### Data for the task
=== Begin Enclosure ===
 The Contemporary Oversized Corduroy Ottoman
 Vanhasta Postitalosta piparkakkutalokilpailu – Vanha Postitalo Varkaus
=== End Enclosure ===
=== Begin Enclosure ===
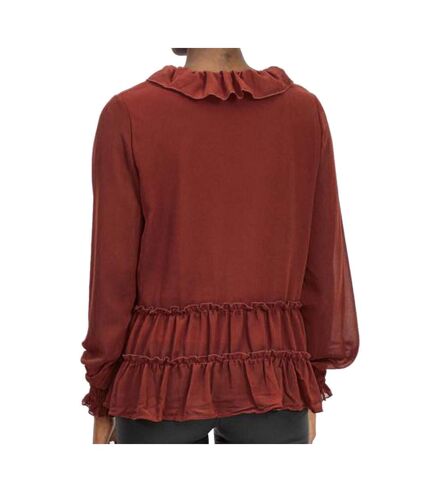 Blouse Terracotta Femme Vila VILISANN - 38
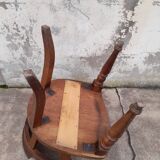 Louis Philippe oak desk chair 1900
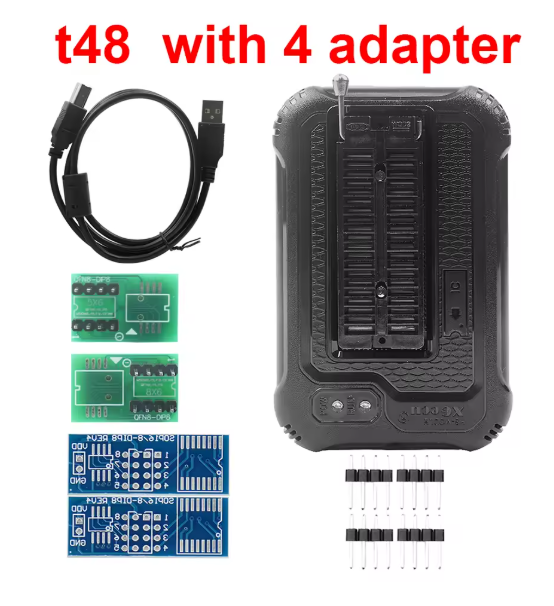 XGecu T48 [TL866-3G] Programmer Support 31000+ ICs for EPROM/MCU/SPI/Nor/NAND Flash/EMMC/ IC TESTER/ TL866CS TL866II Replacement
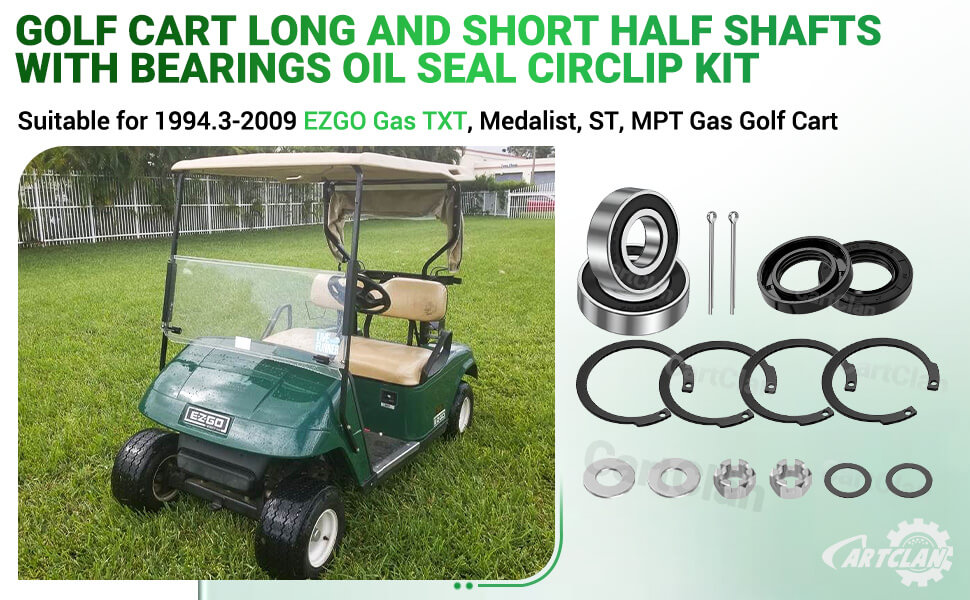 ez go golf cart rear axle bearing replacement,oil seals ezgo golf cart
=== End Enclosure ===
### Your task
In the listing above, find the line with "Blouse Terracotta Femme Vila VILISANN - 38" and the line with "ez go golf cart". Copy both of them and every line between, exactly, but not the pictures.

### Written solution
 Blouse Terracotta Femme Vila VILISANN - 38
 Louis Philippe oak desk chair 1900
 XGecu T48 [TL866-3G] Programmer Support 31000+ ICs for EPROM/MCU/SPI/Nor/NAND Flash/EMMC/ IC TESTER/ TL866CS TL866II Replacement
 ez go golf cart rear axle bearing replacement,oil seals ezgo golf cart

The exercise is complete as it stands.